The character theory beyond that in Dummit-Foote gives several amazing theorems fairly easily. The Brauer-Suzuki theorem gives strong information about an arbitrary finite group G whose 2-Sylow subgroups are quaternion groups, in particular that G is not simple. Suzuki's theorem on CA-groups is that a group of odd order is solvable if every element has abelian centralizer. It is a baby case of the Feit-Thompson theorem that all groups of odd order are solvable.

The Chevalley groups are the analogues over arbitrary fields of Lie groups. We will develop them without any algebraic-geometry machinery, and see what the major constructions in the course mean for these groups. The restriction to ADE is to make the ideas as transparent as possible.

Also, if my students want a particular topic then I can be sure to cover that. I feel an obligation to cover the Thompson subgroup of a p-group, and show how to work with my favorite sporadic simple group (M24, of order 244,823,040). I will if I have time but I probably won't.
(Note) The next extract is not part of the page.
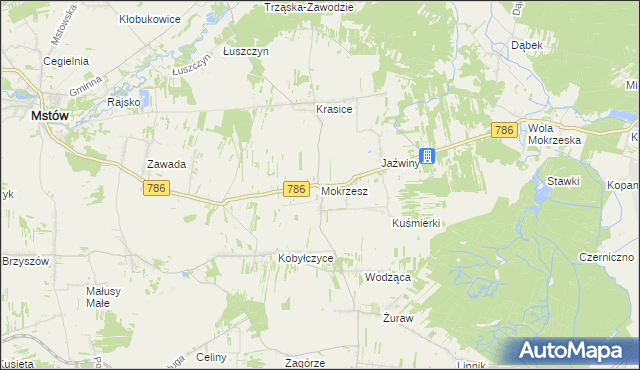 mapa Mokrzesz, Mokrzesz na mapie Targeo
I will distribute notes for the course, except for the material in Dummit-Foote. My main sources are Isaacs' "Finite Group Theory", Gorenstein's "Finite Groups", Collins' "Representations and Characters of Finite Groups" and Steinberg's mimeographed notes on Chevalley groups.

PREREQUISITES: Thorough understanding of the group theory material from the first-semester prelim course. Some first-year students will be fully able to take the course, but those who are just skating by will not.

GRADING: for students advanced to candidacy, grading is largely meaningless. Students not yet advanced to candidacy will have homework to do (substantial but less than a prelim course) and also a presentation and/or a short paper to write.